*** Opening Collected material ***
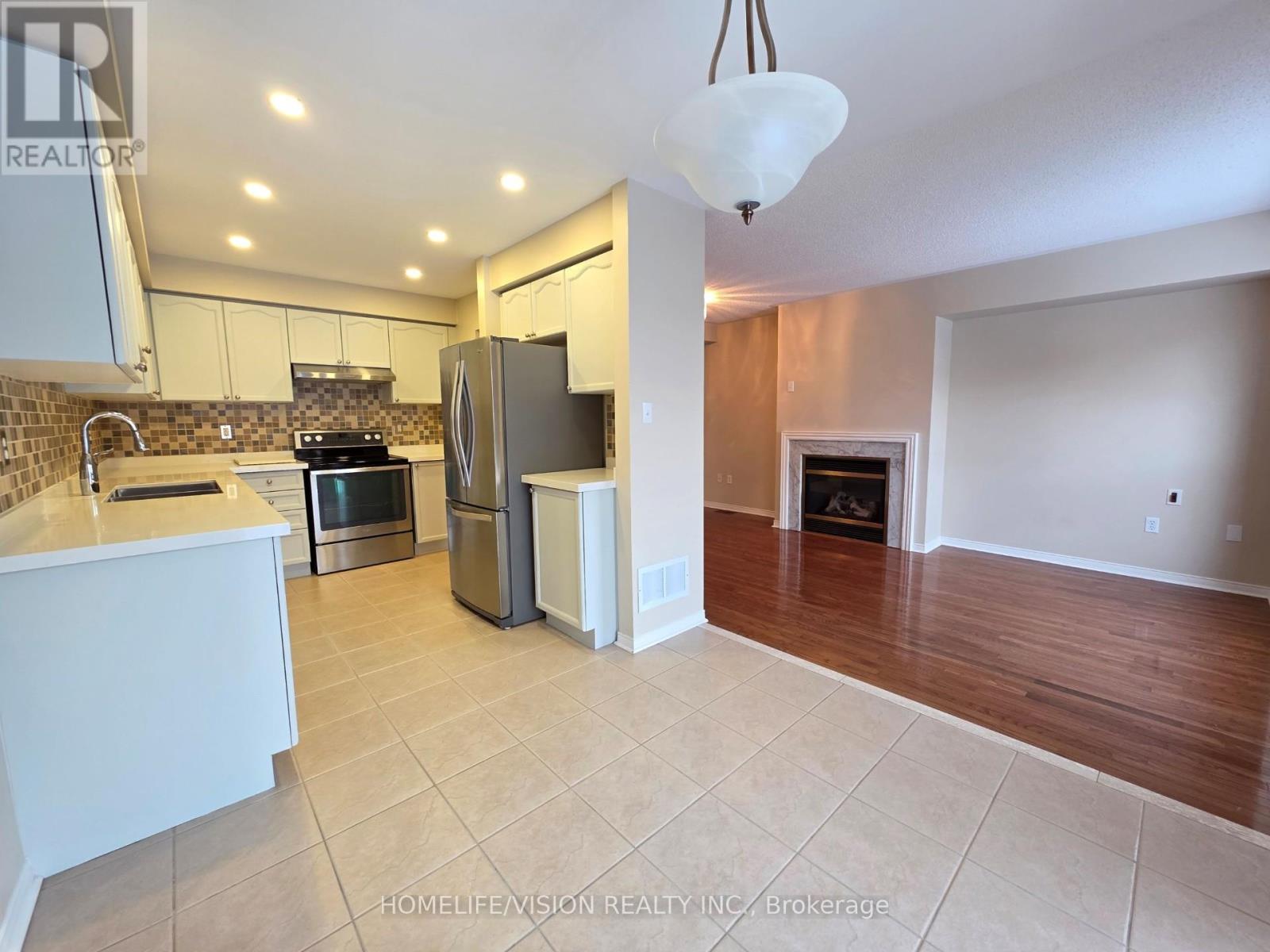 54 MCNALLY WAY, Aurora, Ontario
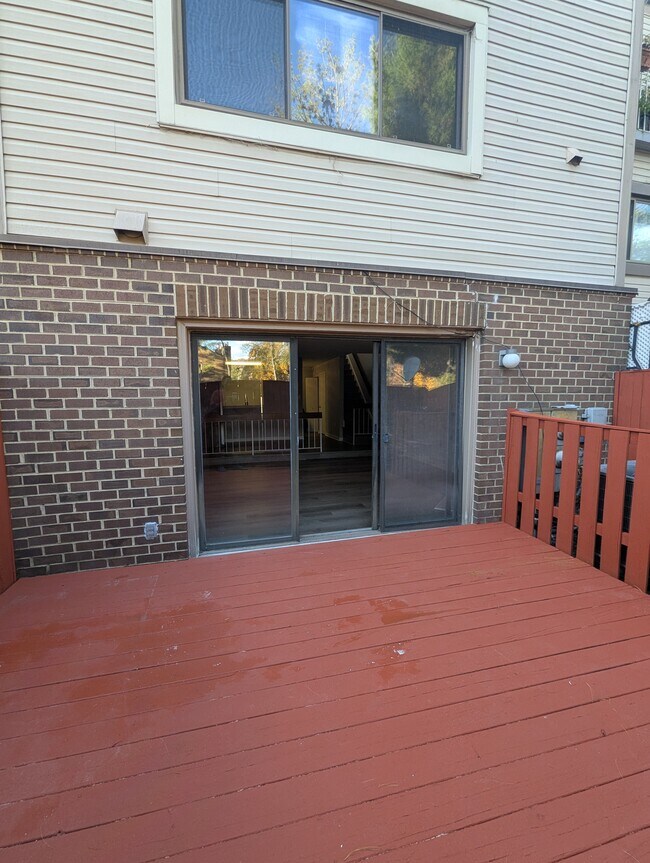 3145 Hawthorne Dr NE, Washington, DC 20017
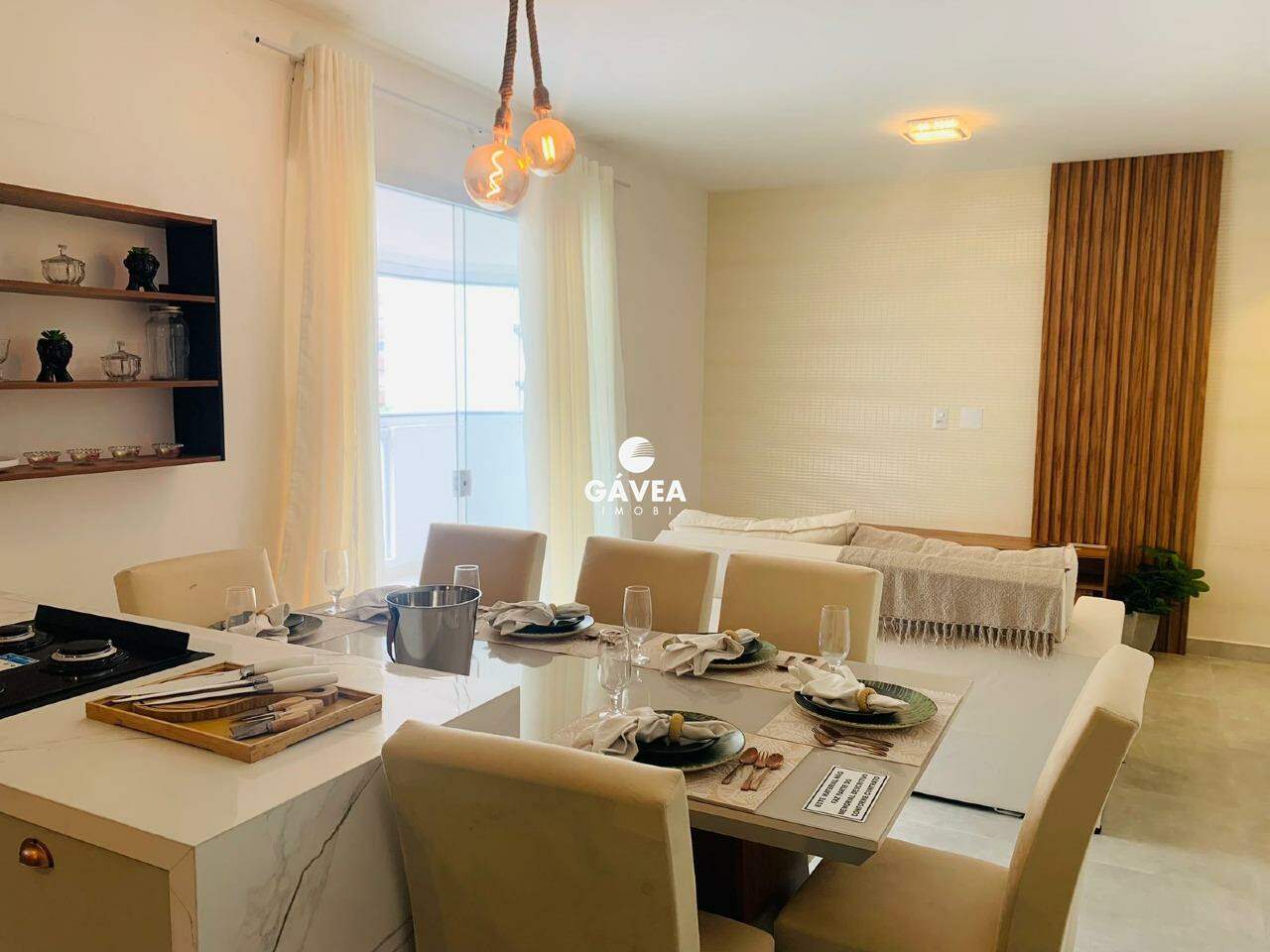 Apartamento à venda no Astúrias : 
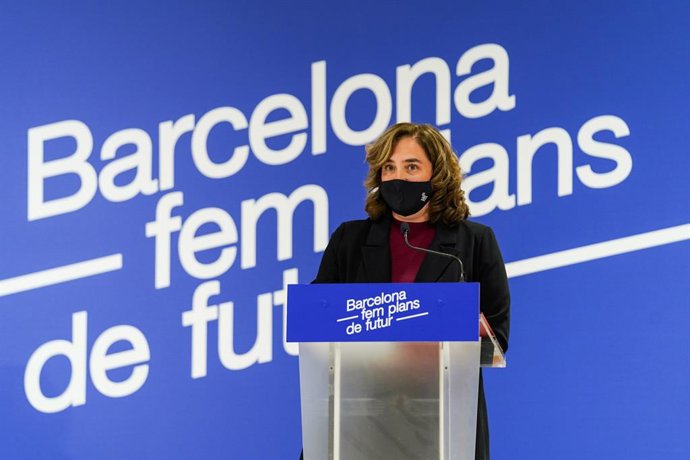 La alcaldesa de Barcelona, Ada Colau, presenta un plan municipal para captar Fondos de Recuperación y Resiliencia de la Unión Europea (UE), con el objetivo de afrontar la crisis de la Covid-19.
*** Closing Collected material ***
> Directions for this task:
Drop the pictures and give every line above again exactly.

> Task response:
 54 MCNALLY WAY, Aurora, Ontario
 3145 Hawthorne Dr NE, Washington, DC 20017
 Apartamento à venda no Astúrias : 
 La alcaldesa de Barcelona, Ada Colau, presenta un plan municipal para captar Fondos de Recuperación y Resiliencia de la Unión Europea (UE), con el objetivo de afrontar la crisis de la Covid-19.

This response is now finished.